▸ **Your objective**:
The output should be the listing below, limited to the lines from the one with "Časově Omezené Dámský" through the one with "Abdullah Travel Booking Mobile App Kit", exact and without pictures.

▸ **Listed entries**:
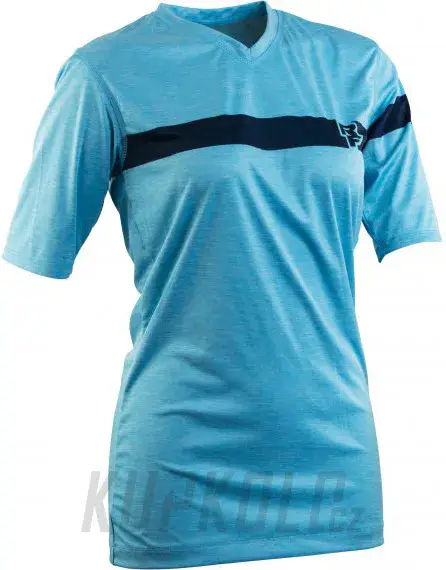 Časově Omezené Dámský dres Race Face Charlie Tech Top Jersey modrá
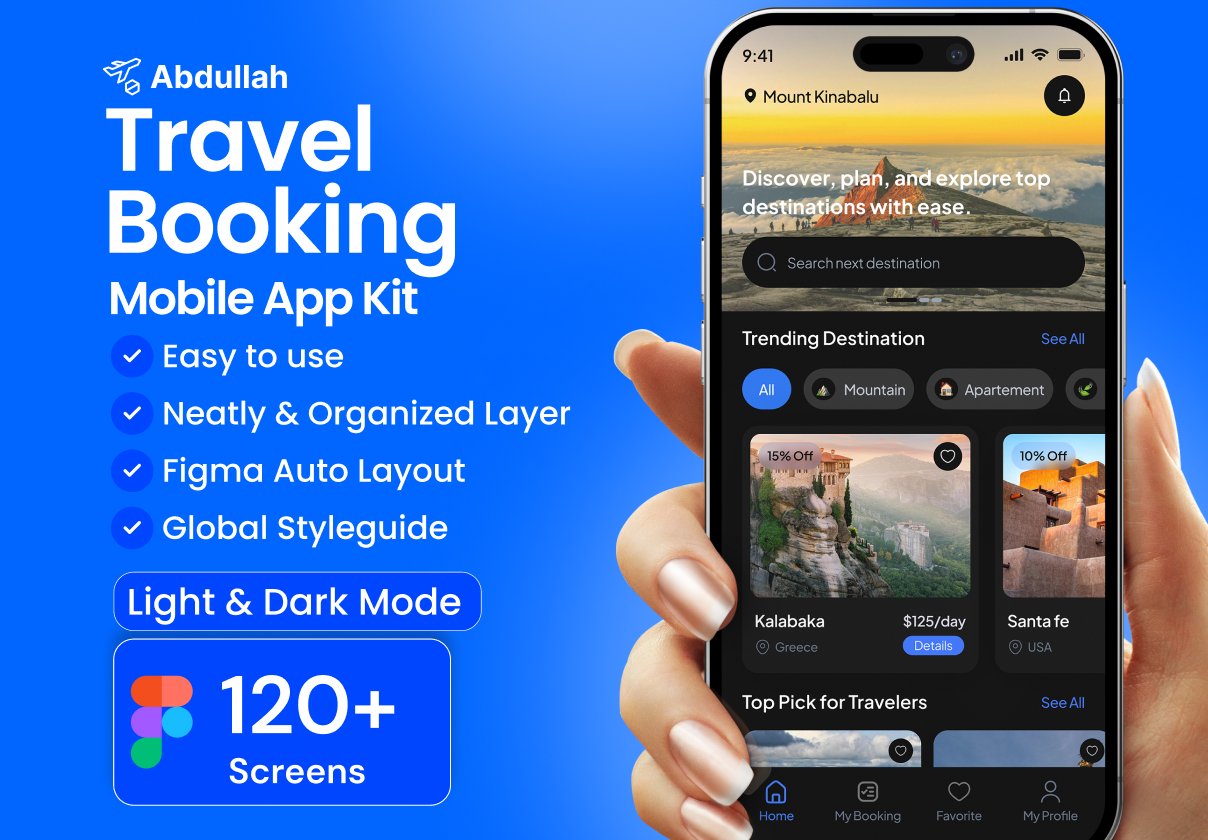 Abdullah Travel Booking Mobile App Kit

--

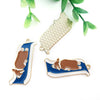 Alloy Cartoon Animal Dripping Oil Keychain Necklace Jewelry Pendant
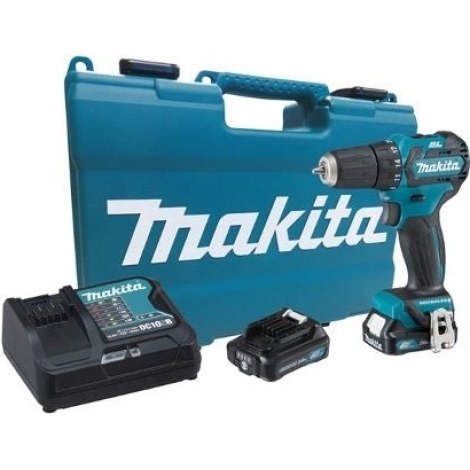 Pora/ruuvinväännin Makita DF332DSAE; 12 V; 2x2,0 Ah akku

▸ **Your response**:
 Časově Omezené Dámský dres Race Face Charlie Tech Top Jersey modrá
 Abdullah Travel Booking Mobile App Kit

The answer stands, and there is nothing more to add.